━━ Provided data

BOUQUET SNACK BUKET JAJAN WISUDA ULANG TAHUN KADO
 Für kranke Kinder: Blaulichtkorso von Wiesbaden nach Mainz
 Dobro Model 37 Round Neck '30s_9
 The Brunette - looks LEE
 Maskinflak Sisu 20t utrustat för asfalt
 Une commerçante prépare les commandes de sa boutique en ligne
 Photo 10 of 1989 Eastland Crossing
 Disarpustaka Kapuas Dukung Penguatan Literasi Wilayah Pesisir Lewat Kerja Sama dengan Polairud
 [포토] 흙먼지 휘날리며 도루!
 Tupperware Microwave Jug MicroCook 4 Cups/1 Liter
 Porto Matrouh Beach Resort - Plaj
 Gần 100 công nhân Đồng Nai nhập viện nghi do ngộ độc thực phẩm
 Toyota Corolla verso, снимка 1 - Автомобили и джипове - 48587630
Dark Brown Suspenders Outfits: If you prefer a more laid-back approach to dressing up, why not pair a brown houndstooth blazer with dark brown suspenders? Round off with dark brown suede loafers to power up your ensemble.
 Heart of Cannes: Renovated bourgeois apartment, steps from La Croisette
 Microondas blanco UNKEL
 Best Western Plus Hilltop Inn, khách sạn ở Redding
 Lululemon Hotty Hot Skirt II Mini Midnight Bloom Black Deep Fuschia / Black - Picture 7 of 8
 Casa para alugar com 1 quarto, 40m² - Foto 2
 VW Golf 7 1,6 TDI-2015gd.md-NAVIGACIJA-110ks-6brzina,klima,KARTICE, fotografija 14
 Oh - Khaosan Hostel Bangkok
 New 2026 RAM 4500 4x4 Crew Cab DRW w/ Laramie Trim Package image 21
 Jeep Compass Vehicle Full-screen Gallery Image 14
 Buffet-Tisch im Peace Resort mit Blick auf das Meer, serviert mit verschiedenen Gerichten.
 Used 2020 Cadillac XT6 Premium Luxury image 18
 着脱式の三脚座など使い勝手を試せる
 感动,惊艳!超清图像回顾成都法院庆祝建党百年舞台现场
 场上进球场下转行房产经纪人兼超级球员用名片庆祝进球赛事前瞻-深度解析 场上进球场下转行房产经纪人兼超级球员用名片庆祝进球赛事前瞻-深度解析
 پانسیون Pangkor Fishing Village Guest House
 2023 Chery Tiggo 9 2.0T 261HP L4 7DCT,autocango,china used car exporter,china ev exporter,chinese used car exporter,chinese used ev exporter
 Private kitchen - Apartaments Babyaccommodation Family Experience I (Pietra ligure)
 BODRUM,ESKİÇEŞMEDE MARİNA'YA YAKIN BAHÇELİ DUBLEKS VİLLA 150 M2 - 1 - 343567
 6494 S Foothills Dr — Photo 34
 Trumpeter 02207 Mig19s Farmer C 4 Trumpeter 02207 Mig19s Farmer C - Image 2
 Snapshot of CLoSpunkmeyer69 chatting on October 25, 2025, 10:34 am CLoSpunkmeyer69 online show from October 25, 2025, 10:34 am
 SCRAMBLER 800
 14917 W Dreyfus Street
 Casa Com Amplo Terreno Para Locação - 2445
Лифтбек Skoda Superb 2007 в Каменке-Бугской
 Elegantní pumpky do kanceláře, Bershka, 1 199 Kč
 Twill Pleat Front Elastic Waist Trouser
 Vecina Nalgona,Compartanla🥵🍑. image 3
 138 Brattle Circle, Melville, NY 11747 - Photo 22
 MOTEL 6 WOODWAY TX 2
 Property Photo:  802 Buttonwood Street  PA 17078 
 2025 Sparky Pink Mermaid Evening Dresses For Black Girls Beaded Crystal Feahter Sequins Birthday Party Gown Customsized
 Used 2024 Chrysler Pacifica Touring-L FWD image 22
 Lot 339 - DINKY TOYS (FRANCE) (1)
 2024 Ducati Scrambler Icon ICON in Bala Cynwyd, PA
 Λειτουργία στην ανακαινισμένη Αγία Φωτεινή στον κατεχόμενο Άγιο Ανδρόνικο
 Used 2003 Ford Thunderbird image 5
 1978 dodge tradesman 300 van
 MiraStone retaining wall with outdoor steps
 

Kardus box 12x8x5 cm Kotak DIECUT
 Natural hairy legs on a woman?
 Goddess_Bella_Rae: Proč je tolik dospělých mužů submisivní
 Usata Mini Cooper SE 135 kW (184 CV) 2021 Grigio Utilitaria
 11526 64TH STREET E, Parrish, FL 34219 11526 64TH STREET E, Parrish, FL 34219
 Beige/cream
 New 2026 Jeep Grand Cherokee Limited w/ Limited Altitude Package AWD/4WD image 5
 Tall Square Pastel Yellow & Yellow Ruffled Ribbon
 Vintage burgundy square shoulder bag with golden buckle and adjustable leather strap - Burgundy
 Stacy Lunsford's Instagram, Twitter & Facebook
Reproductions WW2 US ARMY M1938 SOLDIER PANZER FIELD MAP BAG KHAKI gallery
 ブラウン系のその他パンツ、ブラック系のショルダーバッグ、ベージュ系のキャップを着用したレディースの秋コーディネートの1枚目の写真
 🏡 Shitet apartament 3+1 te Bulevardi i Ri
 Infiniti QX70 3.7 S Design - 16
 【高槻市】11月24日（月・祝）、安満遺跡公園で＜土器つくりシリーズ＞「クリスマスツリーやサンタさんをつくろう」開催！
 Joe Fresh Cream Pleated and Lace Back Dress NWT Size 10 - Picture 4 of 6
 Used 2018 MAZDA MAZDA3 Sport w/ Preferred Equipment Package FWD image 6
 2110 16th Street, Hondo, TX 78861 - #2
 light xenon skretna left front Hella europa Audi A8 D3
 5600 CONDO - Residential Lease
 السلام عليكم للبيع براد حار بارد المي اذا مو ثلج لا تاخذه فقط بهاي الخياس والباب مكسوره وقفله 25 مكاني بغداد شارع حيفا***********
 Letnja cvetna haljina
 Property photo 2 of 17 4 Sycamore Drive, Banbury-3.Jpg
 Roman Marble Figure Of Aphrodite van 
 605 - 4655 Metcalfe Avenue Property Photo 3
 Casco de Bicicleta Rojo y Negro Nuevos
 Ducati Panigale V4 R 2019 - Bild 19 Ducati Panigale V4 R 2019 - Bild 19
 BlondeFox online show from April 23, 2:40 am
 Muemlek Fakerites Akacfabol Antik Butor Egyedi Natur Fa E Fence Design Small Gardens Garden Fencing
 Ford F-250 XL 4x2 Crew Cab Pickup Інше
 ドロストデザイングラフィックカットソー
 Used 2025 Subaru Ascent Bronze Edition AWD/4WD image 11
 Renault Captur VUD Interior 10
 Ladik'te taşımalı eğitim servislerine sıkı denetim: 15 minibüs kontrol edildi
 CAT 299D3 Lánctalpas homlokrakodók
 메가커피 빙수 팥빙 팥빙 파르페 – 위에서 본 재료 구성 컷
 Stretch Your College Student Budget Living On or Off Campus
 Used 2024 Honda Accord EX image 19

━━━━

**Required work:** Begin at the first line of the material above. Transcribe each line exactly, ending with the line that contains "Toyota Corolla verso, снимка".

**Response for this exercise:**
BOUQUET SNACK BUKET JAJAN WISUDA ULANG TAHUN KADO
 Für kranke Kinder: Blaulichtkorso von Wiesbaden nach Mainz
 Dobro Model 37 Round Neck '30s_9
 The Brunette - looks LEE
 Maskinflak Sisu 20t utrustat för asfalt
 Une commerçante prépare les commandes de sa boutique en ligne
 Photo 10 of 1989 Eastland Crossing
 Disarpustaka Kapuas Dukung Penguatan Literasi Wilayah Pesisir Lewat Kerja Sama dengan Polairud
 [포토] 흙먼지 휘날리며 도루!
 Tupperware Microwave Jug MicroCook 4 Cups/1 Liter
 Porto Matrouh Beach Resort - Plaj
 Gần 100 công nhân Đồng Nai nhập viện nghi do ngộ độc thực phẩm
 Toyota Corolla verso, снимка 1 - Автомобили и джипове - 48587630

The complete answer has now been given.